“Yes, those are BUDGET surpluses and deficits. Thats how they ae defined. You keep confusing national debt, intergovernmental debt, and budget debt.”
Nope. You are confusing accounting tricks with actual surpluses. In short, you are confusing book keeping with economics. If you can define income anyway you want, you will always post a “surplus”, but that is not how accountants define income. Liabilities are NOT INCOME.
“At least I understand the meaning of the far right hand column in the US Tresury monthly statement linked below.
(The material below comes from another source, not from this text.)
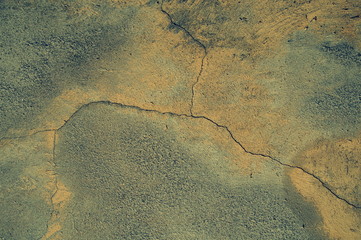 Cracked concrete wall covered with cement - background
You on the other hand havent a clue as to what the column means as you have proven over and over.”
So, I guess you really liked Clinton. He had these “surpluses” for a number of years. They weren’t real, but he had them.
Yes, those are BUDGET surpluses and deficits. Thats how they ae defined. You keep confusing national debt, intergovernmental debt, and budget debt.
At least I understand the meaning of the far right hand column in the US Tresury monthly statement linked below. You on the other hand havent a clue as to what the column means as you have proven over and over.
SUMMARY OF RECEIPTS, OUTLAYS AND THE DEFICIT/SURPLUS BY MONTH OF THE U.S. GOVERNMENT
http://www.fms.treas.gov/mts/mts1009.txt
Those BUDGET surpluses were due to a Republican Congress. I'm sorry that you are too dense that you continue to confuse budget bedt, intergovernmental debt, and national debt.